Our system was comprised of two separate pieces, the hardware architecture and the software runtime that specifically targets the architecture. Our hardware consisted of a four socket NUMA machine. Each socket had an Intel SandyBridge EP E5-4620 with 8 cores running at 2.20GHz. Every core had a private L1 cache of 32 kB, a private L2 cache of 256 kB, and a shared L3 cache of 16 MB. Sockets then had a local DRAM of 132 GB. The piece of the system that introduces the non-uniform aspect of the NUMA was the inclusion of the Intel QuickPath Interconnects (QPI) between each socket. The QPIs allowed for the sockets to access remote memory and transmit other information [Intel09]. Figure 1 shows the topology of the system.
The software side of our system consists of two separate runtimes, a "vanilla" non-NUMA aware runtime, and a "locality" NUMA aware runtime.

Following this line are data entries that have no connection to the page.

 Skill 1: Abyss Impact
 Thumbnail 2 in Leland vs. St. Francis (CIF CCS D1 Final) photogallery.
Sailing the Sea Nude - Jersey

In general, it is not an issue if a programmer is unaware of the NUMA architecture of their system. The operating system will allocate memory and schedule the computation on as many cores as needed, even across sockets. However, this lack of knowledge can lead to significant performance degradation. The vanilla version of our runtime behaves in this way.
The Cilk runtime works using the fork-join parallelism model. When the runtime encounters the keyword "cilk_spawn" it creates new work for the runtime to complete, forking the computation. If a worker runs out of work, it will randomly steal work from another victim worker and continue the computation. When the runtime encounters the "cilk_sync" keyword, it waits for all the workers to finish before executing more computation, joining the computation [Frigo98]. Because the runtime is not aware of the NUMA architecture, it may randomly steal work from a worker on another socket resulting in performance degradation due to the expense of remote memory accesses.

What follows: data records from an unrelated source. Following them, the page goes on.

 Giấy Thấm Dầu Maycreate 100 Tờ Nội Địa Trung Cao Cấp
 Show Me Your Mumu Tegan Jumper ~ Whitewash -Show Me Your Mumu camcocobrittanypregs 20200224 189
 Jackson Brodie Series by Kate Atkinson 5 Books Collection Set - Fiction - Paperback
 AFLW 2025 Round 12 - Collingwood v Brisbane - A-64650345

The locality version of the runtime attempted to solve this problem by building knowledge of the system's architecture into the runtime. Instead of randomly stealing work from anywhere across the system, the locality runtime steals work from workers located on its socket. This hopefully results in better performance due to the increased locality of the memory accesses.
The goal of this study was to determine if the locality version of the runtime results in significantly better performance through directly utilizing the NUMA architecture.
Our system (the NUMA machine and the runtime) offers many different services to users. Most importantly, users should be able to complete general computations on our system. If the system behaves without error, users should receive the same answer to their computation as they would on any other machine. The Cilk runtime expands on general computation and gives users an easy way to create parallel applications. Assuming the user has not introduced their own race conditions, both versions of our runtime should result in a race free computation. We assumed that our runtime systems are executing correctly.
The services the hardware specifically provides should be validated by the manufacturer. These services include distributed memory, caching, remote access to memory, and the hardware performance monitoring counters. In order to do measurement and analysis we assumed that the hardware functions properly and the numbers reported by the performance counters are representative of the real behavior of the system.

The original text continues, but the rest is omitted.